After the creek, I let people go at their own pace, staying in the middle of the group as we steadily climbed.  As we broke out into the first small meadow, there were several firs that had fallen together and required a few minutes to navigate through.  It was a mess.  (Upper Meadows of Crescent Mountain, looking at Browder Ridge to the south.)

This area was about the half way point of the climb, and I waited for everybody I could see, even backtracking to make sure whoever were 11 and 12 were OK.  They were, and I moved back through the group to the higher meadows, too soon for the wildflowers we had seen last June.  At the upper end of the meadow section, I heard the shout about the snow.  I looked and saw the six of my group clustered where the trail disappeared into the woods.  I knew the trail went up from there, and I found it easily, despite the snow.

Everybody followed, catching up when I looked for a way around a blowdown in the woods.  The snow was a lot deeper but still passable.  Nobody complained, and we climbed the last few hundred vertical feet to the summit.  This was the lunch spot , but I then went back down the trail, to find the last five. (View from summit of Crescent Mountain).

Three were about a quarter mile back, just past the blowdown, and they were doing fine.  The other two were another quarter mile back, and I wondered if I should turn them around.  I hated to do it, and we were fine on time, not as fast as I had wanted, but not in trouble either.  I can sense well time on the trail and thought if we didn’t stay too long on top, we would be down at a reasonable hour to get back to town.  (View towards Mt. Jefferson, hidden in the clouds).

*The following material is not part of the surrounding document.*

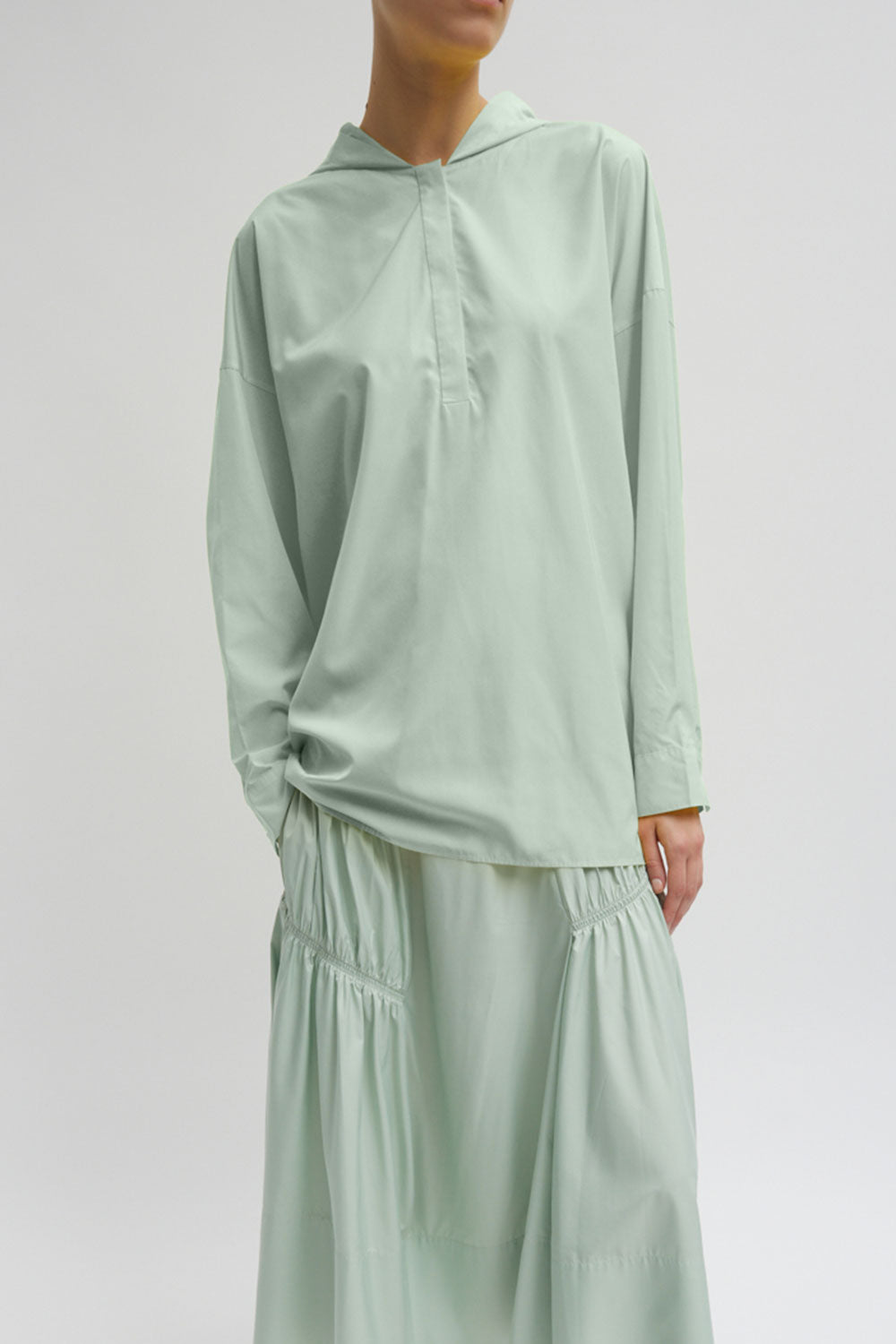 Tibi Resort Shirred Cocoon Back Hoodie Lido Green - flora and henri Tibi Resort Shirred Cocoon Back Hoodie Lido Green - flora and henri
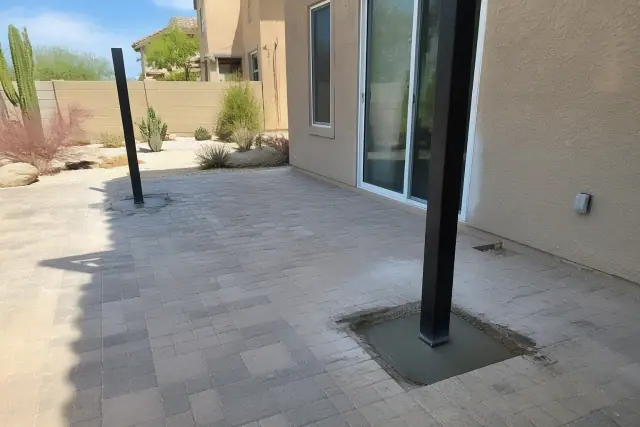 Shade-sail footings installed at a paved stone patio near a sliding glass door in Phoenix, AZ.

The last two arrived at the summit and thankfully quickly ate their lunch.  A few who were cold asked if they could slowly start down.  I told them to go.  The view was beautiful in fog, with the trees below covered in recently fallen snow.  I pointed out Crescent Lake to the north, unfrozen, and Browder Ridge, below to the south.  We wouldn’t be seeing The Sisters, Mt. Washington, Three-fingered Jack, or Mt. Jefferson today.  I quickly ate, took a few pictures and was left with one other person.  She was having a little trouble with her gloves and told me to go, but I stayed and got her settled.  Gloves are important and if the hands are cold, other things might happen, like falling.  Once she was taken care of and started down, the count being correct, I left.  The hike down was uneventful.  The group walked about 11 miles; I might have done 13.

It was just a hike, nothing special, not a race, not a major climb, just a Sunday outing.  It was the day that truly I became a trip leader, realizing that it was far more than posting the hike online and showing up.  Leading is counting people, watching the clock, watching the sky, watching how people hike, looking at their body language, their expression, their gear, listening to their breathing.

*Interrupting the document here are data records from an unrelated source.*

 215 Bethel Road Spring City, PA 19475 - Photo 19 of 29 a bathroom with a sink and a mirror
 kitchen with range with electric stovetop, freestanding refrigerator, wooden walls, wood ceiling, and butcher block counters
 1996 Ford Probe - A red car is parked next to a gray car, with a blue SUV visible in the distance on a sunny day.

The Obsidians give patches for those who do 100,200,300, and 500 hikes.  They also give them for leading 25,50,75,and 100 hikes.  I’ve now taken more 120 hikes and led 34.  I led Crescent again later, in a cold autumn rain.  At the meadow, the cold wind’s howling and the 45 degree temperatures led me to call off trying to summit in fog.  We turned around and got back down wet, but warm.  (Upper Meadows in fog.  It was windy and intermittently snowing).

Knowing when to quit is perhaps the most important part of leading.